For years the house had one occupant: the butler. Vantine moves in with his daughter Lorna and maid and retains the elderly butler to help take care of the house. One night, the police arrive at the house after receiving a telephone call that a murder has just been committed on the premises. When they arrive, the police are surprised to find that no one in the house knows what they are talking about. That same day a valuable antique cabinet arrived at the house, and this has attracted several strangers to come to examine it.

A young reporter, James Godfrey, who has come to see Lorna, also arrives at the house. As the police are investigating the mysterious telephone call, a series of strange events occur. As Godfrey is helping Lorna to open the antique cabinet, they find a hypnotized woman inside. The police are then notified. When everyone returns to the cabinet they find the woman has disappeared. One of the detectives, Tim Morel, is knocked unconscious. Vantine is also hit on the head, but stays conscious. The son of the former owner of the cabinet is soon found murdered.

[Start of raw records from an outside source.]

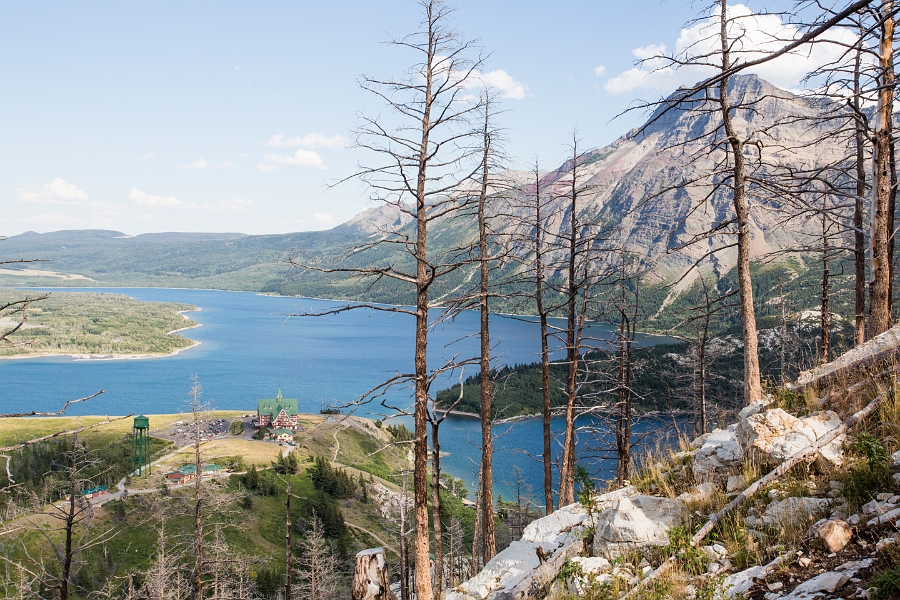Waterton097.jpg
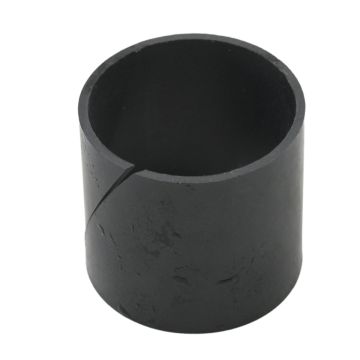 Bushing Swivel Pin 23-818764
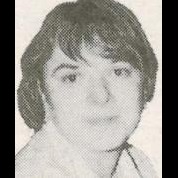 Dragana Rajović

As Godfrey attempts to call his newspaper, Lorna is abducted and taken to the wine cellar. She is rescued by a one-legged man who suddenly disappears. Meanwhile, the hypnotized girl appears in a revived state and reveals that her partner, a diamond smuggler, has been murdered with poison. Eventually, Godfrey, assuming the role of an amateur detective, clears up the mystery.

==Cast==
- Jack Mulhall as James Godfrey
- Alice Day as Lorna
- Robert Emmett O'Connor as Tim Morel
- John St. Polis as Philip Vantine
- Claud Allister as Parks (the butler)
- Aggie Herring as Mrs. O'Connor
- DeWitt Jennings as Inspector Grady
- Webster Campbell as Snitzer
- Lucien Prival as French Exporter

==Music==
The film features a theme song entitled "Why Can't You Love That Way?" which was composed by Charles Bourne, Jack Val and Henry Creamer.

==Preservation status==
No film elements are known to survive. The soundtrack, which was recorded on Vitaphone disks, may survive in private hands.